»»
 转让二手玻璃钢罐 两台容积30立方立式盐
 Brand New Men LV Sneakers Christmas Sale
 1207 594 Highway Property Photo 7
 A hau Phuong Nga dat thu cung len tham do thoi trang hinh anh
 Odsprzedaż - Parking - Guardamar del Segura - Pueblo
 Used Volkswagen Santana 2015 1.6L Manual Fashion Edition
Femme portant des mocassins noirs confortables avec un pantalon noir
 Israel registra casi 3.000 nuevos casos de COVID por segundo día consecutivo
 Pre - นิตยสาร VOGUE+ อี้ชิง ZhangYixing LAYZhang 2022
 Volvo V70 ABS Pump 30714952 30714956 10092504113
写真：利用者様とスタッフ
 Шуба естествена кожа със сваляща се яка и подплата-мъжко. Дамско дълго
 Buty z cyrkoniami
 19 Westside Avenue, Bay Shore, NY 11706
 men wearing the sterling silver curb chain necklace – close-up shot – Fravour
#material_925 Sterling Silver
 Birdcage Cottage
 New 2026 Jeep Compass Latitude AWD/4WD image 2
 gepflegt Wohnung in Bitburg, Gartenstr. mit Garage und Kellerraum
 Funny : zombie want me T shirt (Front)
««
### [ABOUT THIS TASK]
Using the line that contains "19 Westside Avenue, Bay Shore, NY 11706" as the first, reproduce each line exactly through the last line of the listing.

### [RESULT]
 19 Westside Avenue, Bay Shore, NY 11706
 men wearing the sterling silver curb chain necklace – close-up shot – Fravour
#material_925 Sterling Silver
 Birdcage Cottage
 New 2026 Jeep Compass Latitude AWD/4WD image 2
 gepflegt Wohnung in Bitburg, Gartenstr. mit Garage und Kellerraum
 Funny : zombie want me T shirt (Front)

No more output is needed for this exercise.